** Opening Input data block **
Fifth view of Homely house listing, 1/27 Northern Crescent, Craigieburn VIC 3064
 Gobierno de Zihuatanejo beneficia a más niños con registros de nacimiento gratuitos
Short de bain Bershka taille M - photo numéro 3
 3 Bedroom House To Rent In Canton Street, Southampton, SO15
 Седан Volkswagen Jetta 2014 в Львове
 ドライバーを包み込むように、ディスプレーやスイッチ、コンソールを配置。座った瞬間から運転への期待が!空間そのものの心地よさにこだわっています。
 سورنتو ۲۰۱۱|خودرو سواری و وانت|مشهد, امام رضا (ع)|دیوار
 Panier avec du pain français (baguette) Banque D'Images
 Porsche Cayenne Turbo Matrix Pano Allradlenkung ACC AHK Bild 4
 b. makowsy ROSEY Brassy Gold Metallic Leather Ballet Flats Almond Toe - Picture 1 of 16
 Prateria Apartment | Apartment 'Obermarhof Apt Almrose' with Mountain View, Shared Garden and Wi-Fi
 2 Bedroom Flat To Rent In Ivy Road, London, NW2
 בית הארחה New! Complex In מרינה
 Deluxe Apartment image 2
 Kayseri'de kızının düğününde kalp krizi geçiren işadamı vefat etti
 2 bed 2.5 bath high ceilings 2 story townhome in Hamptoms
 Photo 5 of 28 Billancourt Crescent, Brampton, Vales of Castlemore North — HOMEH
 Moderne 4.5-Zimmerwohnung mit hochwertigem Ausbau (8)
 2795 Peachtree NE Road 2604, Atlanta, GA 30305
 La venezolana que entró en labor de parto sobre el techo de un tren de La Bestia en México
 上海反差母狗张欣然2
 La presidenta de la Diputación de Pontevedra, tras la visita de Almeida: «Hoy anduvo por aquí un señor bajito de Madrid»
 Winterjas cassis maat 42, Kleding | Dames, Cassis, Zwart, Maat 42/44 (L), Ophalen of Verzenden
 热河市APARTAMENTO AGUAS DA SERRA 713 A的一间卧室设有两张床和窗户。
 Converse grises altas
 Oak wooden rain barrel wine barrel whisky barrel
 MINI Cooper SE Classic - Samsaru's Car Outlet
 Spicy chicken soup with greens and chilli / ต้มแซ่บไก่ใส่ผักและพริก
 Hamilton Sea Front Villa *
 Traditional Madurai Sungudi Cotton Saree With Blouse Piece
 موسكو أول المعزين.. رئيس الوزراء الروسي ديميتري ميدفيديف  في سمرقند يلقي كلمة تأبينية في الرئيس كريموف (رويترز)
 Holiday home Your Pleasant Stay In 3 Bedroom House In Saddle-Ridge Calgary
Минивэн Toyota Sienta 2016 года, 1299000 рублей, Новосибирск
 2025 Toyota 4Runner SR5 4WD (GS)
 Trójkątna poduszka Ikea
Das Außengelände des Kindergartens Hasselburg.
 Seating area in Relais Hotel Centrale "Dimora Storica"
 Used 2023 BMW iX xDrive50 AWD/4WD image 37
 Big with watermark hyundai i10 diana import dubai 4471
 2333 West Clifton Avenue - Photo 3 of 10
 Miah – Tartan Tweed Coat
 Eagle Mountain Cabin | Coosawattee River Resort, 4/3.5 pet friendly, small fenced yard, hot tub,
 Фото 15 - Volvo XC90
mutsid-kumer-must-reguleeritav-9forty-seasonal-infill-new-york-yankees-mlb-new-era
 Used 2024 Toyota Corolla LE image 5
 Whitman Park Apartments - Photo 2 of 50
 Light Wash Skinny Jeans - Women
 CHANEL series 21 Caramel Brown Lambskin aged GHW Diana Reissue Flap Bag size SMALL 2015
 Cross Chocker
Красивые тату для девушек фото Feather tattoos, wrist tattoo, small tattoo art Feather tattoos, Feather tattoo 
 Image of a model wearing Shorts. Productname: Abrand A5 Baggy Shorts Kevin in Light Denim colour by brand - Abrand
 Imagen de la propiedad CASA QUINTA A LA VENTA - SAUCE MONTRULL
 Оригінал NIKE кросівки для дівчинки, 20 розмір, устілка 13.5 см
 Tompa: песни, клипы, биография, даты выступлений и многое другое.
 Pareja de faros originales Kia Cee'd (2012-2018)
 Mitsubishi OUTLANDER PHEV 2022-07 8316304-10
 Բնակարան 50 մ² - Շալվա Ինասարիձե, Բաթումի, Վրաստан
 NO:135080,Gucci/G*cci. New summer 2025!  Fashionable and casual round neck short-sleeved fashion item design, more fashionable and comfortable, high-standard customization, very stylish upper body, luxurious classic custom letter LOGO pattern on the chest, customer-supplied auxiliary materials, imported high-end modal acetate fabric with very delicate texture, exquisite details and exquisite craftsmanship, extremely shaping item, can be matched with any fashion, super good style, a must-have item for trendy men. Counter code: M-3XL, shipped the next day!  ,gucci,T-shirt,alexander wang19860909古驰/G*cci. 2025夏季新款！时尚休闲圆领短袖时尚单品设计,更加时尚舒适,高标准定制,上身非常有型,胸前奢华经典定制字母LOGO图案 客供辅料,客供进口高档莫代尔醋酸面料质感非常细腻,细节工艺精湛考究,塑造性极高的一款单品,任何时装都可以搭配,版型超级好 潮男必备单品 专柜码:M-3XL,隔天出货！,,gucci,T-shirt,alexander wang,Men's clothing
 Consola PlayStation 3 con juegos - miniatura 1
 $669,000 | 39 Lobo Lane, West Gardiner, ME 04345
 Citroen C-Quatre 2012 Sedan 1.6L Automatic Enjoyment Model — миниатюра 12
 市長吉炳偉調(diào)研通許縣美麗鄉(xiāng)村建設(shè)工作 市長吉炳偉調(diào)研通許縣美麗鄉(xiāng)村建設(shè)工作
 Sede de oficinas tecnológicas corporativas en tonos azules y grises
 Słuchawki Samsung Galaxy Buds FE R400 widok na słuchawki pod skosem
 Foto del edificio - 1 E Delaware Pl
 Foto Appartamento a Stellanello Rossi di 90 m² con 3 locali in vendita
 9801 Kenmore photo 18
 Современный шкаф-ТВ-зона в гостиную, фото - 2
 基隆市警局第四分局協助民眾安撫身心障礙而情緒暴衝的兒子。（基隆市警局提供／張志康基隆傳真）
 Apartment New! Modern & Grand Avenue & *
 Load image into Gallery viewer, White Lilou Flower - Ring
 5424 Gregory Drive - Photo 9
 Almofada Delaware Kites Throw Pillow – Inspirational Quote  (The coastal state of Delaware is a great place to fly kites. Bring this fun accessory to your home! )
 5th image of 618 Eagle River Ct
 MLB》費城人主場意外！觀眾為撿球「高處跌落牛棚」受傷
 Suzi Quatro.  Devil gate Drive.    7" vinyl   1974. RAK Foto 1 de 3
** Closing Input data block **
▶ _What to work on_
Return one number, the count of lines in the records holding the word "Light".

▶ _Task response_
2